Conscience and theory of mind in children aged 4 to 7 years

J Exp Child Psychol. 2021 Mar:203:105007. doi: 10.1016/j.jecp.2020.105007. Epub 2020 Nov 28.

Abstract

Associations between three dimensions of early conscience-moral reasoning, the capacity to experience guilt, and the moral self-and theory of mind (ToM) were examined in children aged 4-7 years (N = 80). Participants were administered a task assessing their understanding of the intentions and actions of a transgressor in situations entailing intentional and accidental wrongdoing, a moral self scale, and a battery of first-order and second-order false belief tasks. Children's capacity to experience guilt was measured via parent report. Expressive vocabulary was also measured.
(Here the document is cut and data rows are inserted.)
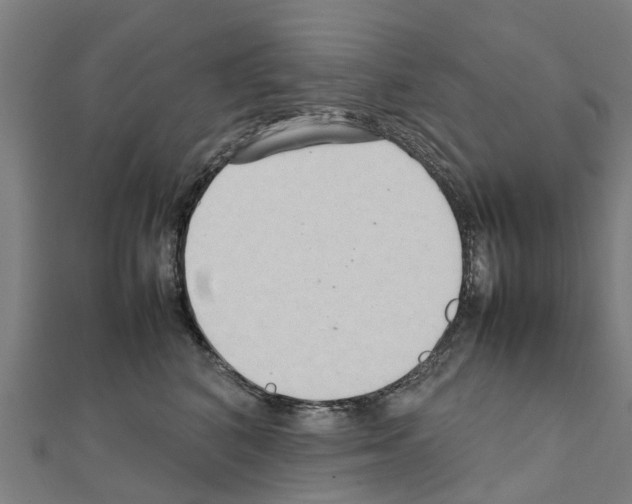 X0000111210616200908121134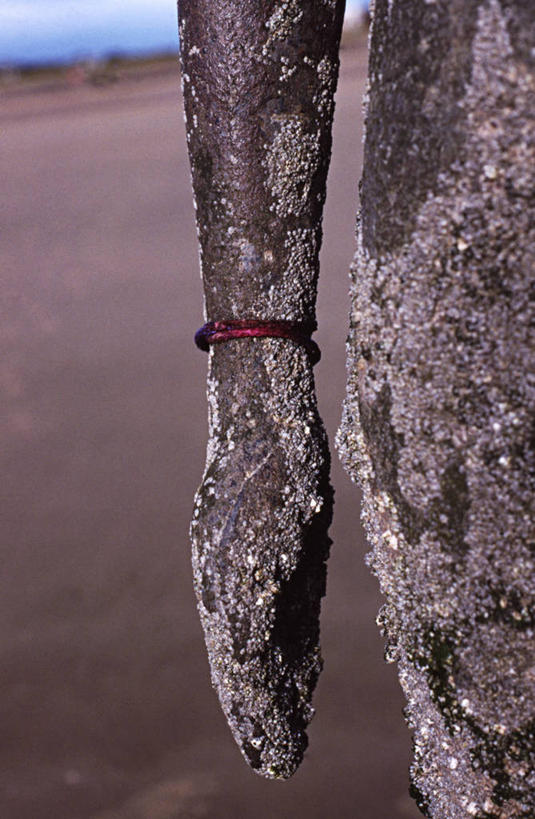 无人,竖图,室外,特写,白天,友谊,雕塑,英国,沙子,摄影,利物浦,兰开夏,想法,海滩,彩图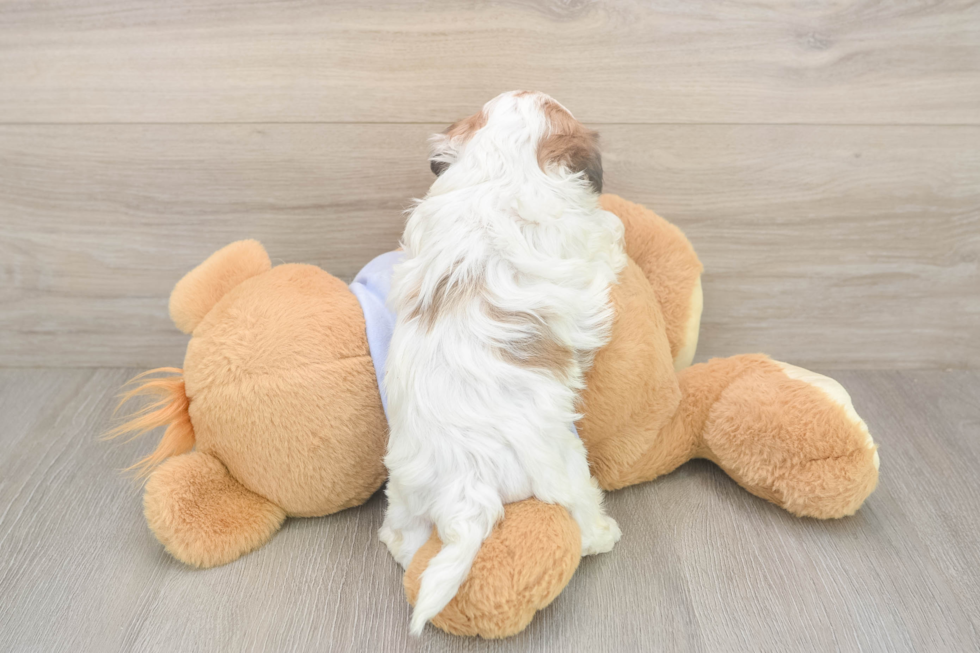 Meet Marty - our Teddy Bear Puppy Photo  3/3 - Pilesgrove Pups Best Teddy Bear Baby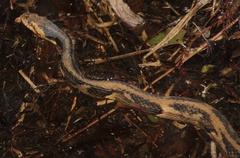 Nerodia fasciata × clarkii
Repeated-measures analysis of covariance with ToM, age, and their interaction as covariates revealed that children who had higher ToM scores attributed more positive intentions to the accidental transgressor than to the intentional transgressor and judged the intentional transgressor's action as more wrongful than children who scored lower on these tasks. Ηierarchical regression analyses also indicated that a more advanced ToM performance predicted higher levels of guilt and the moral self after accounting for age and expressive vocabulary.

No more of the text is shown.